11. A system according to any one of the preceding claims 9-10, characterized in that the system further comprises : car call buttons (52a, 52b) inside the elevator car as aforesaid buttons; and/or landing call buttons (53a, 53b) outside the elevator car as aforesaid buttons; and/or alarm buttons (18, 36) as aforesaid buttons; and/or buttons (17) for stopping the elevator car as aforesaid buttons; and/or buttons for opening the elevator door as aforesaid buttons; and/or buttons for closing the elevator door as aforesaid buttons; and/or buttons for extending the open time of the elevator door as aforesaid buttons. 12. A system according to any one of the preceding claims 9-11, characterized in that the system further comprises: at least one floor number display (42) as an aforesaid display means; and at least one direction arrow display (43) as an aforesaid display means indicating the direction of travel of the elevator. 13. A system according to any one of the preceding claims 9-12, characterized in that the system further comprises : a fan inside the elevator car as an aforesaid device. 14. A system according to any one of the preceding claims 9-13, characterized in that the system further comprises : the aforesaid bus (54a, 54b, 55a, 55b) has been arranged to connect the nodes located in the elevator car via the aforesaid serial cabling.

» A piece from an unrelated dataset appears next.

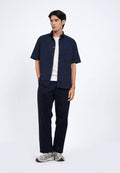 Regular Fit Pants with Elastic Waist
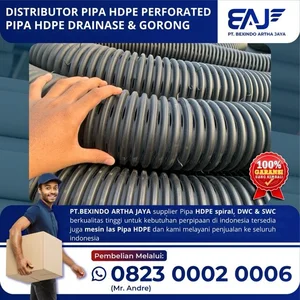 Pipa Hdpe Perforated Berlubang ukuran 4 inch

15. A system according to any one of the preceding claims 9-14, characterized in that the system further comprises: the aforesaid bus (54a, 54b, 55a, 55b) has been arranged to connect the nodes located outside the elevator car via the aforesaid serial cabling. 16. A system according to any one of the preceding claims 9-15, characterized in that the system further comprises : means (51) for monitoring the address state according to the aforesaid addressing between nodes, which means have been arranged to monitor the operational state of each node.